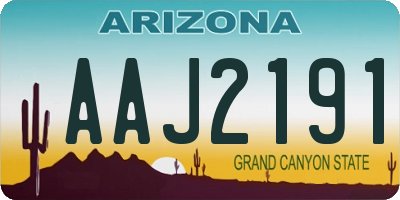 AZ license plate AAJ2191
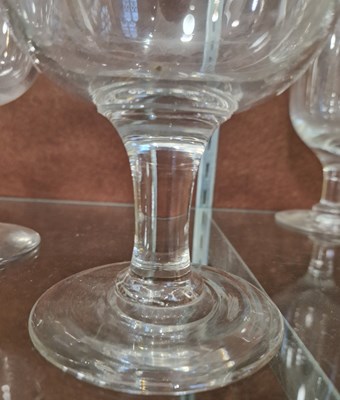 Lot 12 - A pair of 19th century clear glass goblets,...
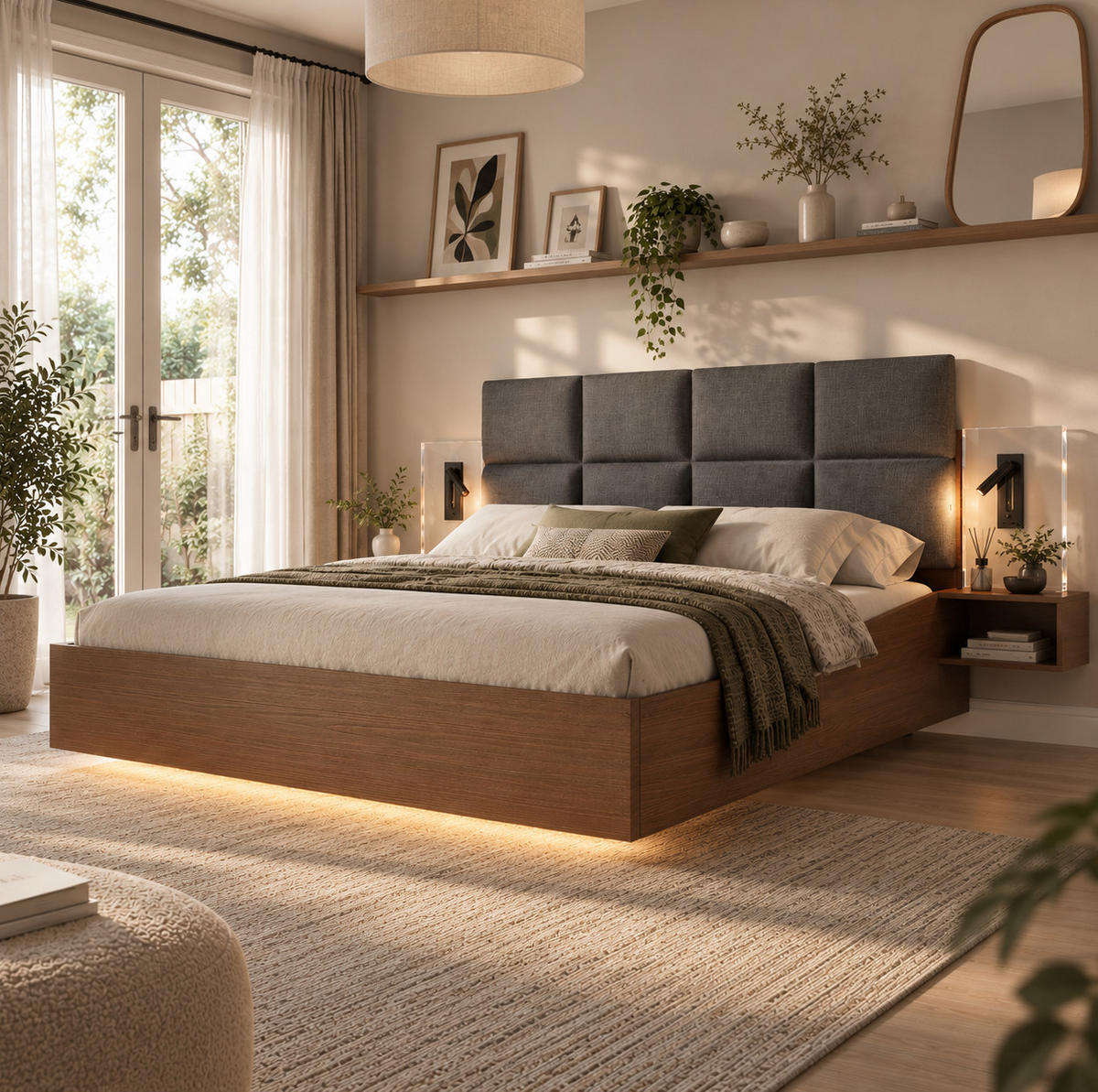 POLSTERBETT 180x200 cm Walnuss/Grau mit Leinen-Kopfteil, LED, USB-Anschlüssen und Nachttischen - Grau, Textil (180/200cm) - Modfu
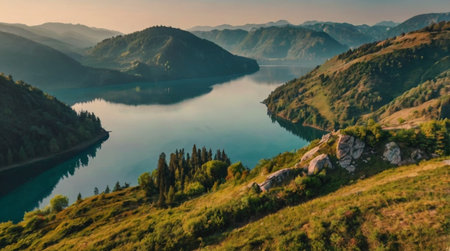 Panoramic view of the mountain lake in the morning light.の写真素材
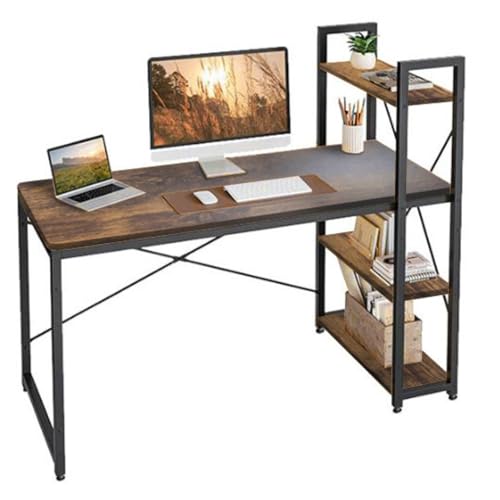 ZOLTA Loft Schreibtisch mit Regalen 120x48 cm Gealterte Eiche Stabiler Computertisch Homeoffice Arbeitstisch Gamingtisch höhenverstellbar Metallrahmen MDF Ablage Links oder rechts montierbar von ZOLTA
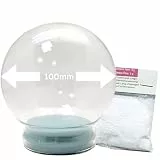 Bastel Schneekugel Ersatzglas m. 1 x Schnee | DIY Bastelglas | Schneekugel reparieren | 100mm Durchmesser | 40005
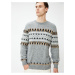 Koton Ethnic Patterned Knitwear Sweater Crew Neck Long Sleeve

■ ■ ■ ■

Your objective —
Print everything from the line with "Panoramic view of" down to the line with "ZOLTA Loft Schreibtisch" in the entries above, both lines included and nothing more, without the pictures.

Answer area —
 Panoramic view of the mountain lake in the morning light.の写真素材
 ZOLTA Loft Schreibtisch mit Regalen 120x48 cm Gealterte Eiche Stabiler Computertisch Homeoffice Arbeitstisch Gamingtisch höhenverstellbar Metallrahmen MDF Ablage Links oder rechts montierbar von ZOLTA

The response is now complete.